[Crawled caption data]
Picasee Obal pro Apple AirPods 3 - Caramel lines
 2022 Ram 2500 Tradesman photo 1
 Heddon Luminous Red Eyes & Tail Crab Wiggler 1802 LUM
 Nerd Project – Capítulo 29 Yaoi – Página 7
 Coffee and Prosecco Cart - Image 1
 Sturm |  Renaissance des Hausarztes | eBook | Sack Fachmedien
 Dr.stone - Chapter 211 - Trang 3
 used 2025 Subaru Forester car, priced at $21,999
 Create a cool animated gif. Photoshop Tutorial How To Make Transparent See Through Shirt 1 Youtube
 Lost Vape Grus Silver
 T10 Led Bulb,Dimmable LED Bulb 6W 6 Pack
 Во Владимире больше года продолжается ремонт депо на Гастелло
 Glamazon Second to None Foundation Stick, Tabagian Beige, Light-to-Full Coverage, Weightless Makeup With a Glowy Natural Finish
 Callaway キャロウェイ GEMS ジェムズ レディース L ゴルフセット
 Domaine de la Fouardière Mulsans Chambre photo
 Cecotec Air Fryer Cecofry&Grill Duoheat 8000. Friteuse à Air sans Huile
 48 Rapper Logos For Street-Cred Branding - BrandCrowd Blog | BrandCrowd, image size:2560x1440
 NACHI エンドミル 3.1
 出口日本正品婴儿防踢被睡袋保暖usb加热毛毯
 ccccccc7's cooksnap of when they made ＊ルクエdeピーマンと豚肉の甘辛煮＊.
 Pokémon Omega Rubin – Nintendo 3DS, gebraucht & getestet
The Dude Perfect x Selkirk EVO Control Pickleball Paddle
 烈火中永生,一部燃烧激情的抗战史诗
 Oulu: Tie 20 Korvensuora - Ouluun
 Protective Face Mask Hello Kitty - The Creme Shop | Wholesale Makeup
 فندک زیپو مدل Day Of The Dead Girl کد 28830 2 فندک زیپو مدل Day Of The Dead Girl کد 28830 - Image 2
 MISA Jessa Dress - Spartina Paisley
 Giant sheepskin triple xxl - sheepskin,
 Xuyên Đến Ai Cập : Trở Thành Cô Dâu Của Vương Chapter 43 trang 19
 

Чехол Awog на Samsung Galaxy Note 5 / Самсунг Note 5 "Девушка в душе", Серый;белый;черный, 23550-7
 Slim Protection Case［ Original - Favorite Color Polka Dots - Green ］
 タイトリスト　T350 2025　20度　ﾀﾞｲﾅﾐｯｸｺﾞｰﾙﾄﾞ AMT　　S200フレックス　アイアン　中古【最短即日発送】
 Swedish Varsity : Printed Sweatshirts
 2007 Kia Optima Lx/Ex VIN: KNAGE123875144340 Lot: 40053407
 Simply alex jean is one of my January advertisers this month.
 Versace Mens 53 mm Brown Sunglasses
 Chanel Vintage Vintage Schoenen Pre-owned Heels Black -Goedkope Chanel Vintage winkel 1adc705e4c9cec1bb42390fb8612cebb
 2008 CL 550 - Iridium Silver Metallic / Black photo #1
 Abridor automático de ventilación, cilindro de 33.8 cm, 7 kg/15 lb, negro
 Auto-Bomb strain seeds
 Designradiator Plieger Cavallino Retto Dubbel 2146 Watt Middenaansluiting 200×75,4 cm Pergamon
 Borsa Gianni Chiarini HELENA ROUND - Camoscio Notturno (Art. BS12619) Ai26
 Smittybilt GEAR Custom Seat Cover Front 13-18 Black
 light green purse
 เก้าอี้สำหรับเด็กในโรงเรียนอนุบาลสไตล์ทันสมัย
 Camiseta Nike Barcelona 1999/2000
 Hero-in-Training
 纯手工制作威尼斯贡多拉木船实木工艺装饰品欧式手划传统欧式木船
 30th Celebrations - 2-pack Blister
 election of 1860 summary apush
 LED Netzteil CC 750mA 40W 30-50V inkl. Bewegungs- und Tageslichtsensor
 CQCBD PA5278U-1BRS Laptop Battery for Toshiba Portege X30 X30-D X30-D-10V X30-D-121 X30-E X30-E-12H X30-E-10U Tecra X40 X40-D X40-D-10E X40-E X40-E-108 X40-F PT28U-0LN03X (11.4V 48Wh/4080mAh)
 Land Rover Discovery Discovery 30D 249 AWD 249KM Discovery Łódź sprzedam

_Work required_. Each line that holds the string "Makeup" is to be copied from the entries above.

_Result below_.
 Glamazon Second to None Foundation Stick, Tabagian Beige, Light-to-Full Coverage, Weightless Makeup With a Glowy Natural Finish
 Protective Face Mask Hello Kitty - The Creme Shop | Wholesale Makeup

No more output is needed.